The case put by the hon. Gentleman appears to be governed by the ordinary rule that a plaintiff who does not succeed in his action is liable to pay the costs.

105. Mr. LEACH

asked the Chancellor of the Exchequer if it is the intention of the Government to extend the operation of moratorium beyond the 4th of September?

The CHANCELLOR of the EXCHEQUER (Mr. Lloyd George)

I can at present add nothing to my statement of yesterday.

107. Mr. WING

asked the Chancellor of the Exchequer if he will extend the moratorium to mortgages on property, in view of the effect of threatened notice of withdrawals?

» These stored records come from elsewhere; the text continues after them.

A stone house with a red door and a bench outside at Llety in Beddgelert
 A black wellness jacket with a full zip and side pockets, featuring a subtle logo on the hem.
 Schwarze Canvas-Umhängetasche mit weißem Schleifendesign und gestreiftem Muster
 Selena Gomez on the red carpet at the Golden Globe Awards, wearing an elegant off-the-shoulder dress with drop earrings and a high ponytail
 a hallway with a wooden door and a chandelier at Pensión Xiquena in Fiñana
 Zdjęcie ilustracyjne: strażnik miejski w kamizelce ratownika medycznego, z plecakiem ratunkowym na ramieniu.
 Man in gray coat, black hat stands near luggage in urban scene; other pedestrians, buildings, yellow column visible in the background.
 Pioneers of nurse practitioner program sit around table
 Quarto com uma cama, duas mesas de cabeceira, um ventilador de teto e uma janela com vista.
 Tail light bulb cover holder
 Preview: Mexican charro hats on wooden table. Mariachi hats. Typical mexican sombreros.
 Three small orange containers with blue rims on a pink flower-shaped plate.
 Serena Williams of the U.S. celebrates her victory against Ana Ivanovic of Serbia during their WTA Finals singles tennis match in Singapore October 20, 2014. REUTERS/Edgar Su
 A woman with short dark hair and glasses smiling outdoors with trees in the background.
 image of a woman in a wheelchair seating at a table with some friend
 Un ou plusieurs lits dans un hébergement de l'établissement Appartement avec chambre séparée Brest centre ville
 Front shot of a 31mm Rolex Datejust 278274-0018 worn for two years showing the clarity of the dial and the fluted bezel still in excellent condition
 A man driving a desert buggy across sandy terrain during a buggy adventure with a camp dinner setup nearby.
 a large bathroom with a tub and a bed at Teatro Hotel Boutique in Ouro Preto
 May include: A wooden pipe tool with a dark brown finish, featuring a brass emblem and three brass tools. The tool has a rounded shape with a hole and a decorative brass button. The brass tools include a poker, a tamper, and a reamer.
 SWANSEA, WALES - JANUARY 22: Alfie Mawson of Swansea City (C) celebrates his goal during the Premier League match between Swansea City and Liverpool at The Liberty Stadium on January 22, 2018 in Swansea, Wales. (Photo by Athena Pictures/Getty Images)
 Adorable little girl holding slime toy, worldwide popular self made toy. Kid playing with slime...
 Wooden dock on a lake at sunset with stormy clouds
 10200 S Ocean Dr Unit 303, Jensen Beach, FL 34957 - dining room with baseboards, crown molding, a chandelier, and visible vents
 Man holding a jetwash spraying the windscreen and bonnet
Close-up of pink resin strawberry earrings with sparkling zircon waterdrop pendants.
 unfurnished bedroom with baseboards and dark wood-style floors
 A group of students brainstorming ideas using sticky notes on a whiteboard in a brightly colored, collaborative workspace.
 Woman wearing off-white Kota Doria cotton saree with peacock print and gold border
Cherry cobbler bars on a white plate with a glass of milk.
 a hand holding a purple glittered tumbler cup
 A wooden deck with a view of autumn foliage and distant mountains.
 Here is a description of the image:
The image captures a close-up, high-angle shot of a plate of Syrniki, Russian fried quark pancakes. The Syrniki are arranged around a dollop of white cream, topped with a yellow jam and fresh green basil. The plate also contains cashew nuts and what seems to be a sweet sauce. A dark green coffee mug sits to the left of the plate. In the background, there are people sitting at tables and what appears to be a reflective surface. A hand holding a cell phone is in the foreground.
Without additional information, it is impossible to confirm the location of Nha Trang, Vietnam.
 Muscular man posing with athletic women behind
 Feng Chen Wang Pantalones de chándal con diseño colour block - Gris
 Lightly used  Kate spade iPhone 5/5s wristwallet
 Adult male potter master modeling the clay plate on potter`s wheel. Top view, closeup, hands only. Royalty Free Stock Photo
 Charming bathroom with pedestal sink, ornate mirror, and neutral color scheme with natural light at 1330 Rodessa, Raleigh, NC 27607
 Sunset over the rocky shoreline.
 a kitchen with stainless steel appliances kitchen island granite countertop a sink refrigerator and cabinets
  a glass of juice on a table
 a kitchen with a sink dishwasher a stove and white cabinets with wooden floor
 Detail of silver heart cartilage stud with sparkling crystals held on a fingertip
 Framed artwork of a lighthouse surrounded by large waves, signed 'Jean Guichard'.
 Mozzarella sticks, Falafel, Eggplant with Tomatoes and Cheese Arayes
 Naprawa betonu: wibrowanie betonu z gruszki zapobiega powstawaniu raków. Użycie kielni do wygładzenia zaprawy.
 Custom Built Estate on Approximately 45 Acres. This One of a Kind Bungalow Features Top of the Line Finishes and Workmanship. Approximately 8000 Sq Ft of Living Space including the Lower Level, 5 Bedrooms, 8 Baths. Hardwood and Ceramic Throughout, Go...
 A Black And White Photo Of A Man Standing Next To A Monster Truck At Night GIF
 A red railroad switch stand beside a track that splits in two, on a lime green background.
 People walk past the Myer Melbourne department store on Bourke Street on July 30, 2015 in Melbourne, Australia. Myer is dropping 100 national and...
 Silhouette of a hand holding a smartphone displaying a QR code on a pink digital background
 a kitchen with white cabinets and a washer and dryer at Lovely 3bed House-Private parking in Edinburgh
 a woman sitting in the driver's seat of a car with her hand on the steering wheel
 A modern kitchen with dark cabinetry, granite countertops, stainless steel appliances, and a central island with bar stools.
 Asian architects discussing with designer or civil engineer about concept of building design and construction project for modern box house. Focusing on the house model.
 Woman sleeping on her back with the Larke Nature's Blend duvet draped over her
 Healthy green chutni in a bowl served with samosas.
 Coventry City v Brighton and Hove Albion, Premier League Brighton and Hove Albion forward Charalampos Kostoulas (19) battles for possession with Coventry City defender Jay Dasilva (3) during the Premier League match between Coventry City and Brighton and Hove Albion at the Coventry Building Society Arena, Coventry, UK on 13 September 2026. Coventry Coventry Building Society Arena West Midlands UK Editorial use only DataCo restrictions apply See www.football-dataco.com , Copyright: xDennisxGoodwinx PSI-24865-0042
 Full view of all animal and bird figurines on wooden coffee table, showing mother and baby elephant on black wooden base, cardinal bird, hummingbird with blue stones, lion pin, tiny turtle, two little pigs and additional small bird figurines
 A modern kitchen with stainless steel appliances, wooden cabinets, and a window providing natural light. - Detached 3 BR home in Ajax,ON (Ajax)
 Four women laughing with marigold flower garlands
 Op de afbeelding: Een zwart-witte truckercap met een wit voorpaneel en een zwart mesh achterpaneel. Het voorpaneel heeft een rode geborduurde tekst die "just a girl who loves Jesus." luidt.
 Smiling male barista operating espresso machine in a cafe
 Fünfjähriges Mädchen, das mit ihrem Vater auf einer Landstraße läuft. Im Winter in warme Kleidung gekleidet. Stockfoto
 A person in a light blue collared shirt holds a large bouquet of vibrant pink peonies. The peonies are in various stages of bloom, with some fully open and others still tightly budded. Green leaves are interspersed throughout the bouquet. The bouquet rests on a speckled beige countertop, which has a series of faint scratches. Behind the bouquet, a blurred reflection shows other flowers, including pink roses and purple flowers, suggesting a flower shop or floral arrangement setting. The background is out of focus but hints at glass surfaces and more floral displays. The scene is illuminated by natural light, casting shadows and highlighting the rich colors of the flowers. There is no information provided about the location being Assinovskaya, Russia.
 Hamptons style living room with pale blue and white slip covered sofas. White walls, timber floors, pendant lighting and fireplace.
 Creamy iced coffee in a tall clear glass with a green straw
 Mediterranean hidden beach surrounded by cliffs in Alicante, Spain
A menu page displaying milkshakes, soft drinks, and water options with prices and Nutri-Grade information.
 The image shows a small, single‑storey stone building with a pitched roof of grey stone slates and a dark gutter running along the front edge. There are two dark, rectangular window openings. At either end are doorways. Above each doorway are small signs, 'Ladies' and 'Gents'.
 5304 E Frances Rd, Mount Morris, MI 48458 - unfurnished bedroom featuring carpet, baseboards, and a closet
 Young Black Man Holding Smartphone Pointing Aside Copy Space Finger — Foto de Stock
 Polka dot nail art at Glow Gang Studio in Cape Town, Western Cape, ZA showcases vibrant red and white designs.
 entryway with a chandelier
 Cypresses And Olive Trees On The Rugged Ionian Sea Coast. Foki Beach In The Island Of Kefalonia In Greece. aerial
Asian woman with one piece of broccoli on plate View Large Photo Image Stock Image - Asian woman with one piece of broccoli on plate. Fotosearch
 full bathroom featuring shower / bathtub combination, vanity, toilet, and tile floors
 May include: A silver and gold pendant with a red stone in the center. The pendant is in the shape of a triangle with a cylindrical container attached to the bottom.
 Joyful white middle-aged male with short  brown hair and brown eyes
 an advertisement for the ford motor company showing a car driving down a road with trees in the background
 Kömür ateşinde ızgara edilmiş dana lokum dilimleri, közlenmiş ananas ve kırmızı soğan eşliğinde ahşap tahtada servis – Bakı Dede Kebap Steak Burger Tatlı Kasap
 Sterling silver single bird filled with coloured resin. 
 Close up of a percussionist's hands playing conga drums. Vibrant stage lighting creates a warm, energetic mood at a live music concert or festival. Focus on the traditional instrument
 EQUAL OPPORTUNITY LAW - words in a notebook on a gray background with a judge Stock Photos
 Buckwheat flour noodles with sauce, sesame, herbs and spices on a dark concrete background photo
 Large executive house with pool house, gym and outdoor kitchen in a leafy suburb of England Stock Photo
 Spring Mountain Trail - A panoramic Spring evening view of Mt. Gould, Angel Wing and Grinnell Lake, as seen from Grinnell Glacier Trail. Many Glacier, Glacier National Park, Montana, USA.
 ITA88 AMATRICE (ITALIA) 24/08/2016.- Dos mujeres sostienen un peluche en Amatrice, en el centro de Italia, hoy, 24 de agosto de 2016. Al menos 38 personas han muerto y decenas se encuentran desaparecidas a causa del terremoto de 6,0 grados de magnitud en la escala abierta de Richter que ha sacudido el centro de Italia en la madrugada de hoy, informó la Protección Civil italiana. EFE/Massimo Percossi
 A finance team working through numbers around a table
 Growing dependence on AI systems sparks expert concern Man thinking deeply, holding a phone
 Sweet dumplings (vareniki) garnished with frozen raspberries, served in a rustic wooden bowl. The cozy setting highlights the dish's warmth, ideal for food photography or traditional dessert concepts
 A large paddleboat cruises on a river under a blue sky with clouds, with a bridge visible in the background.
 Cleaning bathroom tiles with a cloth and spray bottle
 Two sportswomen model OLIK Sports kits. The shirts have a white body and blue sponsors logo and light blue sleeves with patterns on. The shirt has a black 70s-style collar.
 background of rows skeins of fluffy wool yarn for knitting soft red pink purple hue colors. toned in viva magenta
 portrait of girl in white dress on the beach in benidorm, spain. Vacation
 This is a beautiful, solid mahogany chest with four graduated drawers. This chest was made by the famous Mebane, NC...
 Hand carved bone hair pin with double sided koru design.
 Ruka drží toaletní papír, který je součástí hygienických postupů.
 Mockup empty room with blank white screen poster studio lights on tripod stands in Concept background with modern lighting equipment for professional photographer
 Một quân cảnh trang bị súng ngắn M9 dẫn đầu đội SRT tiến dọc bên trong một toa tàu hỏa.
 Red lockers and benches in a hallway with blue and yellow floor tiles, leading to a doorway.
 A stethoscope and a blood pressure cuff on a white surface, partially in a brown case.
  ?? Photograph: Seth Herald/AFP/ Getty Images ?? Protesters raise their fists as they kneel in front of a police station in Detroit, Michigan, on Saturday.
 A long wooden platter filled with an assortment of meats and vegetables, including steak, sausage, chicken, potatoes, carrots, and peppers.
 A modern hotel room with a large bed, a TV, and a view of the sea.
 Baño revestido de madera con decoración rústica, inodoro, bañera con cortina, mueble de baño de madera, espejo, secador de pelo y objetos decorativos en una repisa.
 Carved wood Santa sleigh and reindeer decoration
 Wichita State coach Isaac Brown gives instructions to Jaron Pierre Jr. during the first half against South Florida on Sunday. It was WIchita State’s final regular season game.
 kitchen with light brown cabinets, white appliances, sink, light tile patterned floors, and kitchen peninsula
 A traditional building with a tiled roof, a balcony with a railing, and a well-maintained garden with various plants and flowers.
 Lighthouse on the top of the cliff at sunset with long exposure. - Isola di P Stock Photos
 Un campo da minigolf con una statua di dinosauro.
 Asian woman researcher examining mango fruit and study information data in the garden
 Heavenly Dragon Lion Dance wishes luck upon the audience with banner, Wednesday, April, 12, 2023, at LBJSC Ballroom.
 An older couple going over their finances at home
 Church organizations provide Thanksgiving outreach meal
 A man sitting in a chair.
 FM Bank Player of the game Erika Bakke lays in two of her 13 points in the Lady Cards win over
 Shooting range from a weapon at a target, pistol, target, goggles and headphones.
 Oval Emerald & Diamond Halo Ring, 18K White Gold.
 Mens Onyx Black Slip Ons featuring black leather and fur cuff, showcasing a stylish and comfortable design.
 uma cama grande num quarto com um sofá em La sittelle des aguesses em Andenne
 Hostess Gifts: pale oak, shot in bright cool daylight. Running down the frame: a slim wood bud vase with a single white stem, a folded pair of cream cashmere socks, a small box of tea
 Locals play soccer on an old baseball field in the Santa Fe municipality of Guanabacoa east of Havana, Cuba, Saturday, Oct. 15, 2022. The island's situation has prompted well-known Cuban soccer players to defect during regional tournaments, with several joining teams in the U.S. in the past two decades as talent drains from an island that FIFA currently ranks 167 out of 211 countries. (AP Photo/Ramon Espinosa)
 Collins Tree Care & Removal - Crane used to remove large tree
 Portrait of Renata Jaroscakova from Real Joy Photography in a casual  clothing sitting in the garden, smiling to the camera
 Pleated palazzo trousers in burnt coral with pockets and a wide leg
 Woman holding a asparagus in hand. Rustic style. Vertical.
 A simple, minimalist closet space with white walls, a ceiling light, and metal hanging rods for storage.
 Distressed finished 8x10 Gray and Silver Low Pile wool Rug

The hon. Member will find that the matter is fully dealt with in the Bill I have introduced in connection with the enforcement of processes for the recovery of debts. The Bill deals with foreclosure and the realisation of securities.

110. Mr. LOUGH

asked the Chancellor of the Exchequer whether the Government are negotiating with the bankers to extend the present moratorium, the object of which is mainly to protect them against responsibilities accruing out of business with foreign countries; whether he is aware that in many cases the banks, while themselves taking full advantage of this measure, are restricting the facilities to British merchants for carrying on their foreign business even with non-belligerent countries; and, if so, whether he will make it a condition of any fresh guarantees or arrangements that the bankers will continue all reasonable facilities as hitherto granted to traders?


I have been in communication with the banks and others in connection with these matters, and I hope that the arrangements made will prove satisfactory. For the moment I can add nothing to what I stated yesterday on this matter.


asked the Chancellor of the Exchequer if, in view of the fact that rent is subject to moratorium, he will consider the desirability of extending the moratorium to rates in all cases where the owner of property who is receiving no rent is liable for rates?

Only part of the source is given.